IS THERE LITTLE COMMUNICATIN IN YOUR ROMANTIC RELATIONSHIP?

Does your partner listen attentively to what you say? Does he/she remember important issues you discussed the day after? Do they ask pertinent questions about your issues? Do they ask how they can be of help or if they should keep a distance? If you say you want input, do you get it or a shrug and waning attention. It’s important to watch and see if your partner tends to say no to every request you make without seeming to mull it over or ask more questions about it.

How about this important issue — does he/she do their domestic tasks without nagging to get them done? If you don’t live together and you make dinner does your romantic interest help with cleanup? Is that person watching sports or favorite TV programs more than talking to you? If more time is spent with buddies or girlfriends as a regular habit rather than with you, you might want to deal with that. If you complain  do you get called a nag or too controlling and seething anger?

It’s important to introduce your partner, after a reasonable amount of time, to your family. Are they reluctant or do it grudgingly? If family is important to you it’s possibly a deep conflicting situation. When you are out with your your lover’s friends and it’s all comfortable that’s fine, but if out with your friends and tensions rise, then ask why. If your answer is there’s no common ground or some other issue and no compromise in sight, look very carefully at these red flags. Does your partner demand that you fit into a traditional gender role without any leeway for an equal exchange and it disturbs you – time to question the relationship.

A good way to avoid a lot of misconceptions is that once you feel committed to a person try to set up, verbally or written, with both parties, what  likes and dislikes you have. If that person is unwilling and it’s important to you it might spell trouble ahead. It’s very important to know upfront how each of you functions, feels, thinks and behaves. Know what you can negotiate and what you can’t. Listen carefully to your partner and expect the same.

And if you decide to keep all problems under wraps until you get married, thinking you can make changes then? Think again.
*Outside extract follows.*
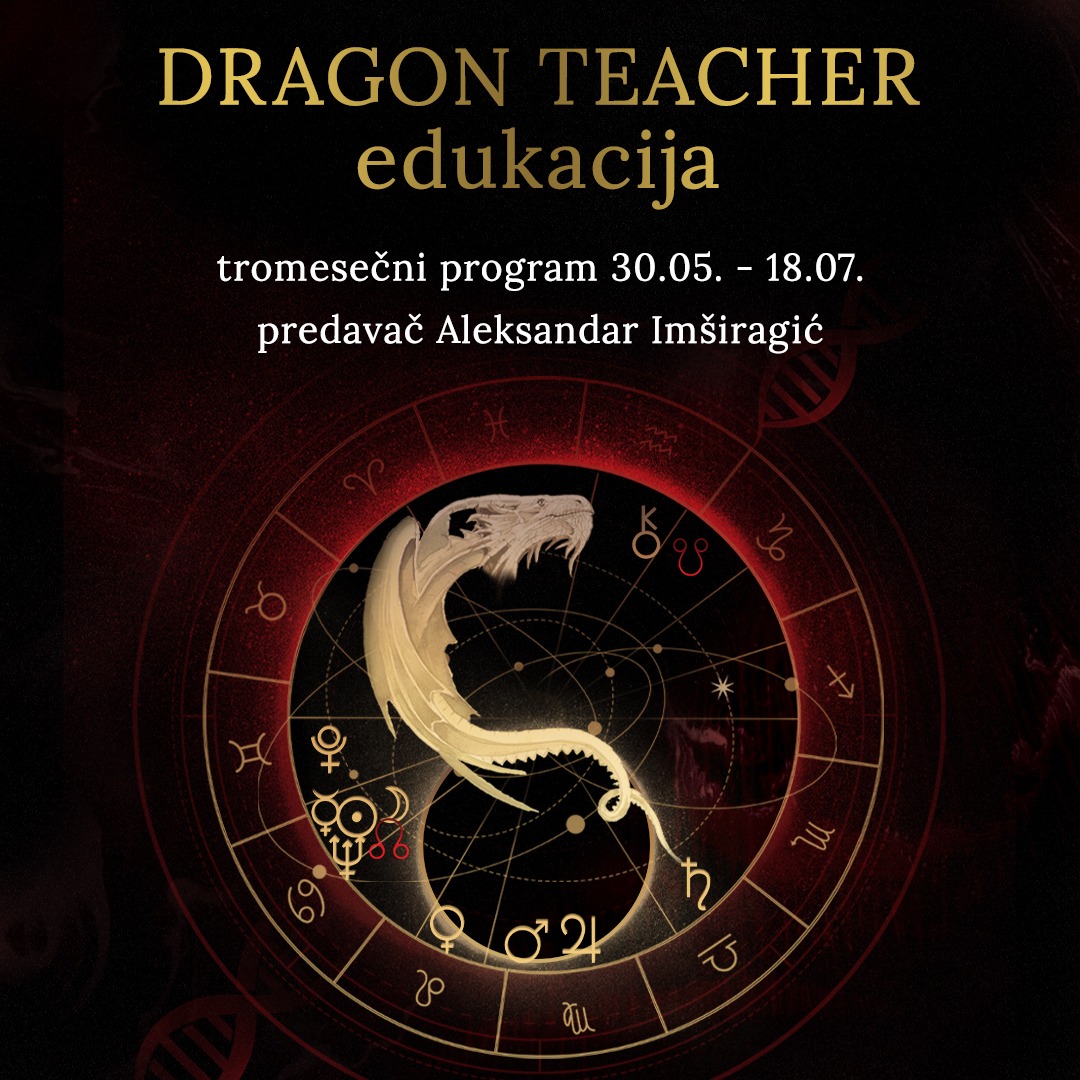 DRAGON TEACHER program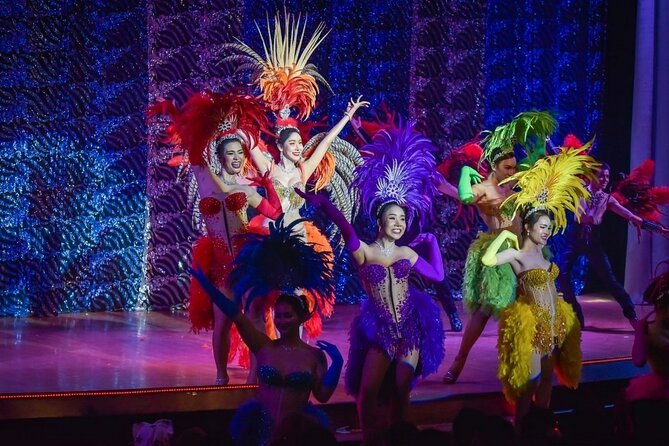 Golden Dome Cabaret: A Night of Glamour and Glitter - What the 60-minute performance is like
Good chance you will not change that person and it is unfair to spring it on them after signing that certificate when you have tolerated annoying habits during the courtship. Use your brain as well as your heart to clear a path to a great relationship

Do People Rush Into Second Marriages Too Soon

The tendency to rush into marriage too soon after becoming single is risky. Approximately 68% of second marriages fail. The percentages go up with subsequent marriages. Males might be too eager to reenter marriage because they miss the amenities society grants to men in that institution. They might be seeking remarriage because they want an easier and simpler personal life style – aided by the little woman.

When single women marry too soon after a divorce or widowhood, they, too, face a negative impact. If they are only seeking security and/or the image a married woman presents to society they might be overlooking red flags or perhaps recognizing them and putting them aside. There is still the misconception that marriage will change a spouse. This happens infrequently. 

Single women often have a good support system with other women. Men usually don’t do that kind of networking. Women are more into making social arrangements than men. Men can become more dependent because they often lack the skills to keep a social life together. In marriage men might find relief from domestic responsibility and daily living decisions, leaving all that sissy stuff to their wives whereas women often feel put upon in taking up more and more tasks.  

It might boost the success rate of second plus marriages if all newly single people would become more amenable to waiting longer. That hiatus should be used to discover reasons why the first or second (or more) time around failed. That means unearthing and understanding motivations and behavior. Once one develops insight into themselves, they are in a better position to find a satisfying relationship based on love, commonality of interests, communication, carefully planned blending of families or any other issues of importance in relationships. This is the path to being much more mature in a relationship and therefore better able to find contentment.